(EXERCISE MATERIALS)

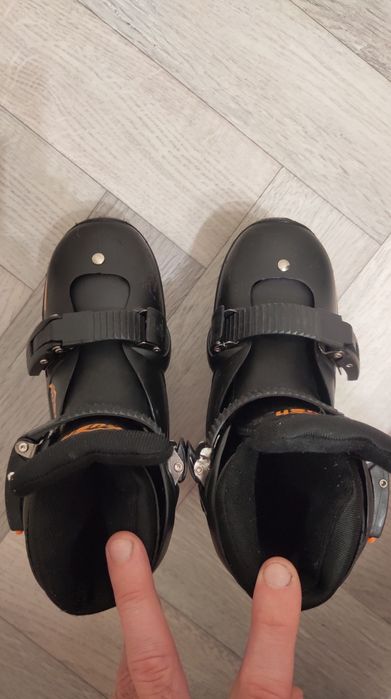 Коньки 29-32 размер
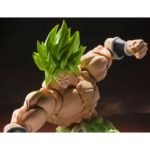 (PRE-VENTA) Figura Dragonball Super Broly Figura S.H. Figuarts Super Saiyan Broly Fullpower 22 cm - Imagen 4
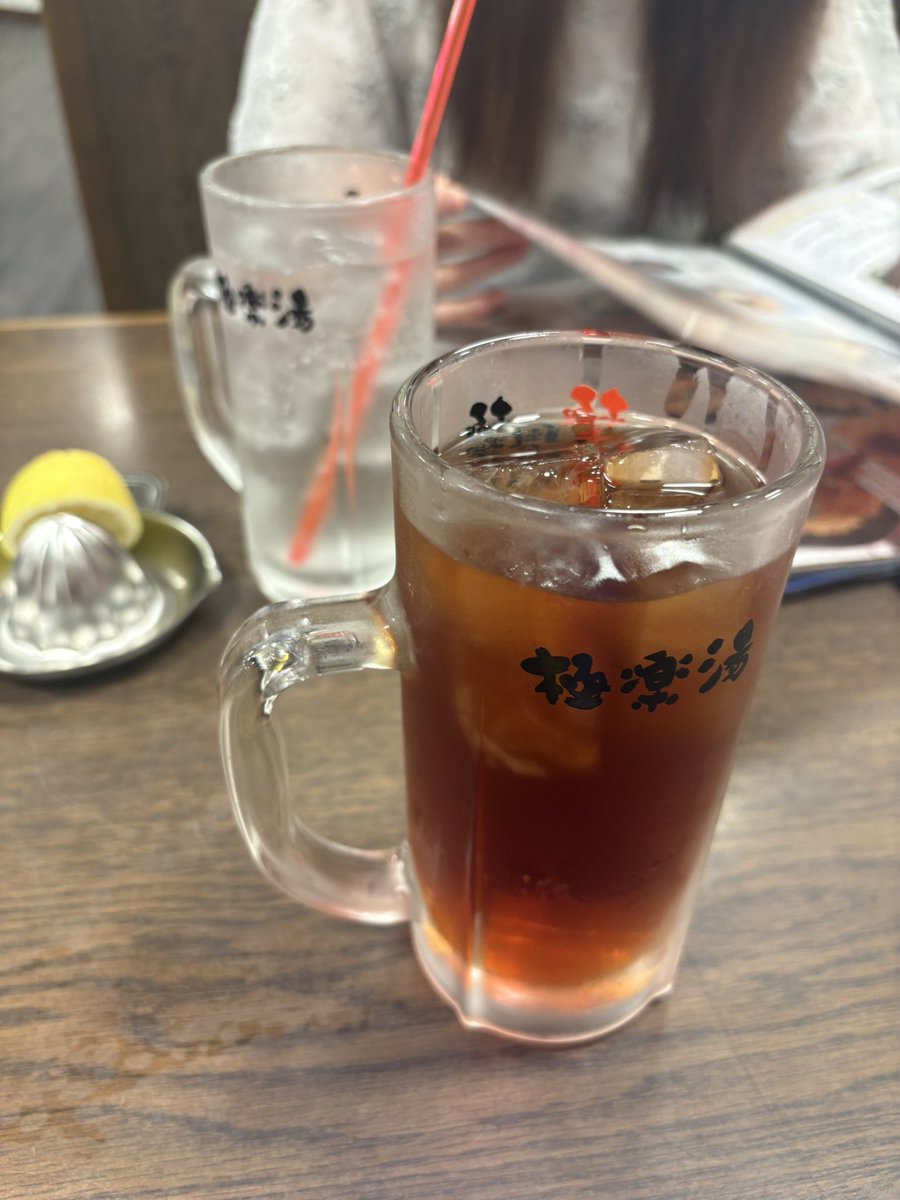 specialunco's tweet photo. 極楽湯 多摩センター😼🩷🩷 https://t.co/Lw8WjBSjIj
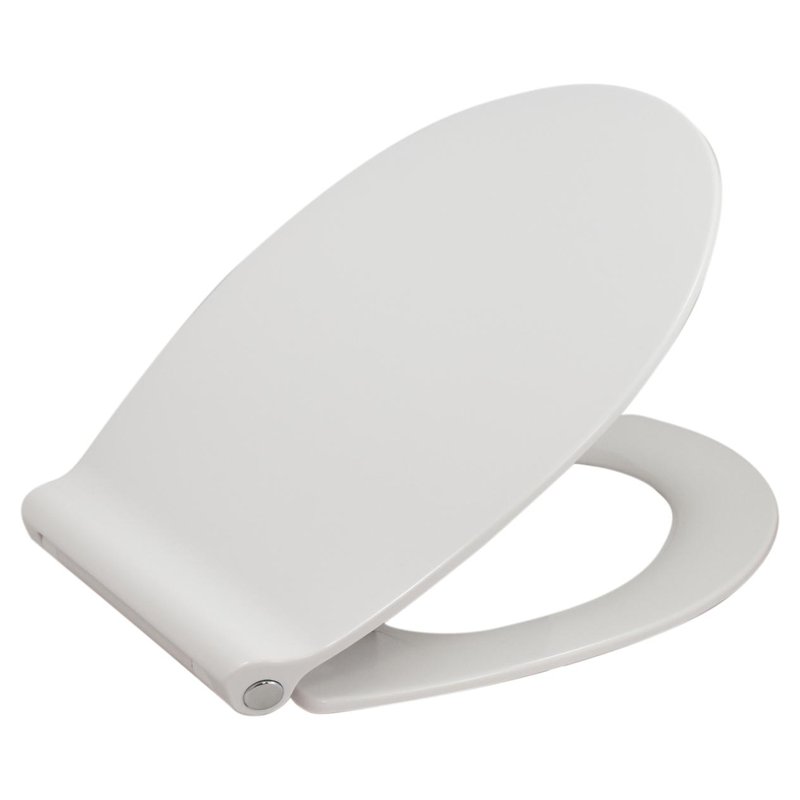 Universal Toilet Seat with Soft-Close Cover 13147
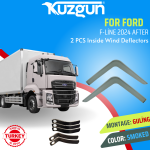 FORD F-LİNE 2024> ORİJİNAL FİTİLE GEÇMELİ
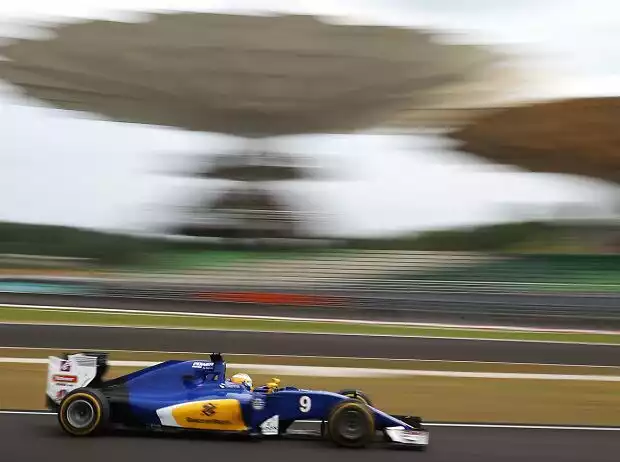 Marcus Ericsson Titel-Bild zur News: Marcus Ericsson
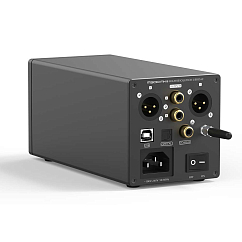 Усилитель-ЦАП для наушников SMSL M500 mk III black усилитель для наушников_OpenBox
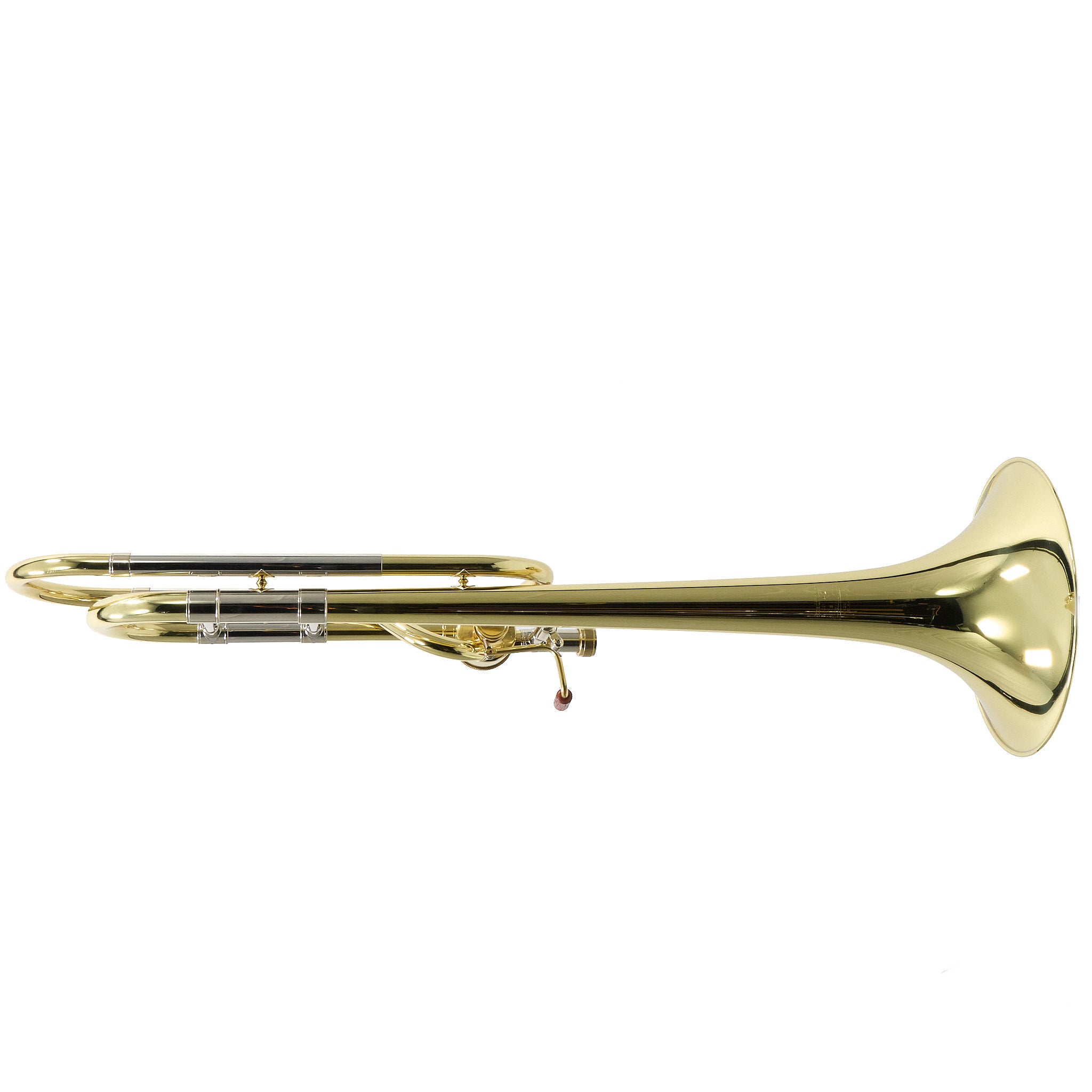 Bach Model 42A Stradivarius Tenor Trombone with Hagmann Valve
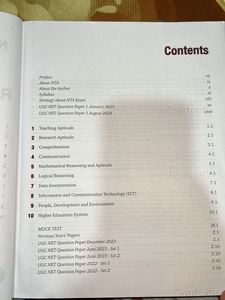 NTA UGC NET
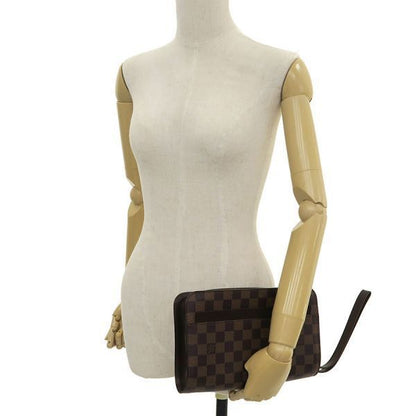 Louis Vuitton Damier Saint S and It Leather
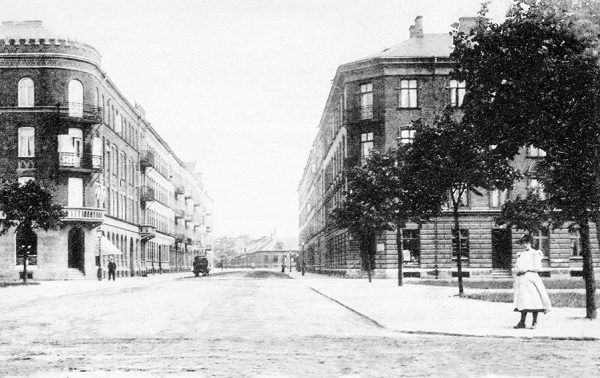 Kornettsgatan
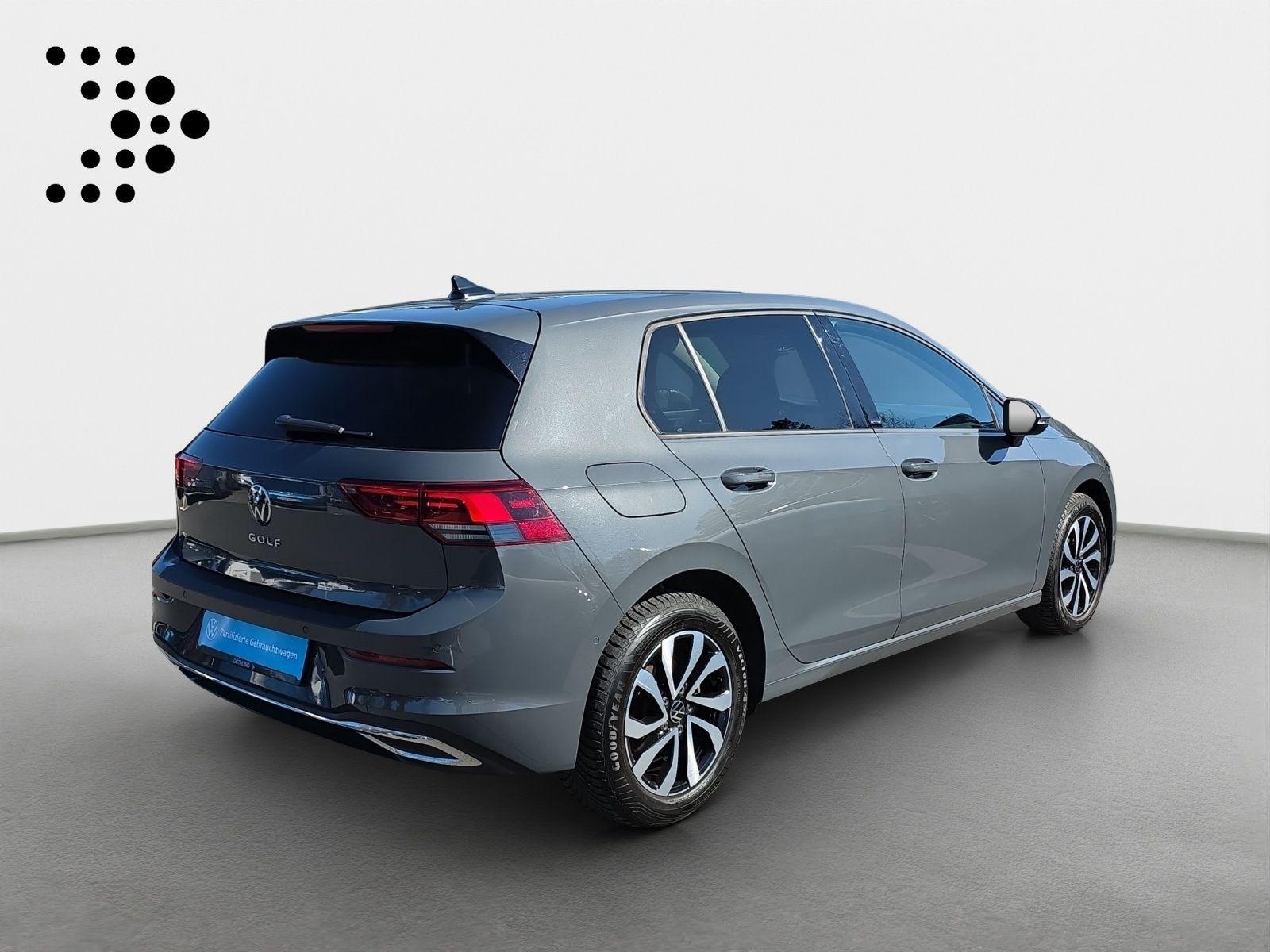 Volkswagen Golf ACTIVE 1.5 TSI*NAVI*STDHZG*HuD*LED+*ACC*IQ-, миниатюра 18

(End EXERCISE MATERIALS)

Above are the records. Copy exactly, and only, the lines from the line containing "Усилитель-ЦАП для наушников" through the last one, omitting any pictures.

SOLUTION TO THIS PROBLEM >>
 Усилитель-ЦАП для наушников SMSL M500 mk III black усилитель для наушников_OpenBox
 Bach Model 42A Stradivarius Tenor Trombone with Hagmann Valve
 NTA UGC NET
 Louis Vuitton Damier Saint S and It Leather
 Kornettsgatan
 Volkswagen Golf ACTIVE 1.5 TSI*NAVI*STDHZG*HuD*LED+*ACC*IQ-, миниатюра 18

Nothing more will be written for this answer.